In the morning the guru was told that the masand had disappeared. The guru then poured the entire remaining yagya ingredients in the yagya fire. *A huge flame of fire emerged and in the dazzling light of the yagya fire, the guru pulled his sword from the sheath, brandished it in the air and declared that from then on the power would flow from his sword. His sword would be the goddess of power for him.* The guru had also found a solution of one of his important question. The masands would have no place in his proposed new Panth.


----------



## Randip Singh (Jan 21, 2007)

naam_jap said:


> Guru Gobind Singh ji had a clear vision about the creation of a new nation. He moved from Sri Paunta Sahib to Sri Anand Pur Sahib. Here the guru called a meeting of all his devoted sikhs and priests and solicited their opinion about his future action to fight the tyranny of the mughal king, Aurangzeb.
> 
> The priests suggested to hold a yagya to appease the Hindu goddess of power to attain divine strength. Many kilos of yagya ingredients were collected and the yagya was started. The priests, called masands in those days, had promised that the goddess would appear and would bless the guru. The yagya continued for 40 days but the goddess did not appear.
> 
> ...


 
Absolutely brilliant post. This demonstrates to all those RSS VHP types that Guruji did not believe such rituals had any meaning. It also demostrates that he did not have faith in any Gods or Goddess's apart from the onr true Akaal.

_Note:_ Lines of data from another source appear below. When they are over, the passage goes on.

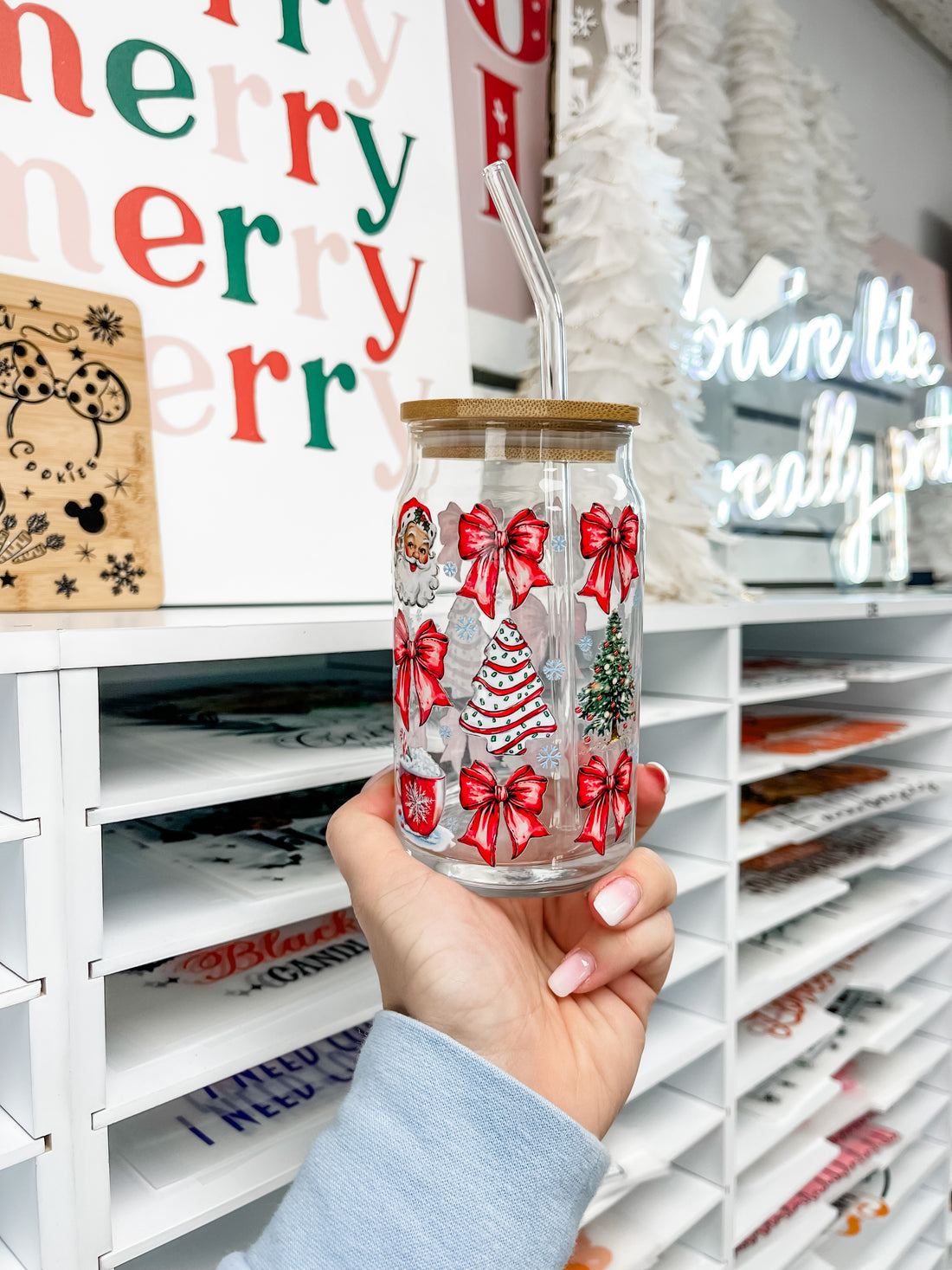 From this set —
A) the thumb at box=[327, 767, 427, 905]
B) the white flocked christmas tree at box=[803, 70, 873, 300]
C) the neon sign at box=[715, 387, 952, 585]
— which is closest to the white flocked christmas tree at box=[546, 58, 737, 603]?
the neon sign at box=[715, 387, 952, 585]

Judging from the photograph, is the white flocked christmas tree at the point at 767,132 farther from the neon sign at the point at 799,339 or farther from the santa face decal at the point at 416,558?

One small correction though....I heard the story totally different........because Guruji and the Masand had spent a year doing this they had remained celibate for that year.....the Masand proclaimed that the head of a great celibate man would be required.................Guruji indicated that no one was greater than the celeibate masand............of course the masand ran off.


----------



## kds1980 (Jan 21, 2007)

randip singh said:


> Absolutely brilliant post. This demonstrates to all those RSS VHP types that Guruji did not believe such rituals had any meaning. It also demostrates that he did not have faith in any Gods or Goddess's apart from the onr true Akaal.
> 
> One small correction though....I heard the story totally different........because Guruji and the Masand had spent a year doing this they had remained celibate for that year.....the Masand proclaimed that the head of a great celibate man would be required.................Guruji indicated that no one was greater than the celeibate masand............of course the masand ran off.



i have a mini suraj prakash which i bought from gurudwara bangla sahib in which the sakhi is written like this

guru gobind singh ji asked the pandits that he want to appease goddess
so pandit kesho das told guru ji that  it is quite difficuilt to appease goddess
guru ji said that he is ready.after guru ji and pandit kesho das performed
yagya for 9 months.then guru ji asked why the goddess is not appeased 
pandit said that guru ji you hunt animals you are doing jeev hatya thats why the goddess is not appeased.so guru ji stopped hunting but still the the goddess is not appeased then guru ji asked pandit why the still goddess
is not appeased then pandit asked for sacrifice of a great soul and guru ji said that there is no another great soul than you.after hearing this the pandit
ran away and then guru ji displayed that sword is the only goddess.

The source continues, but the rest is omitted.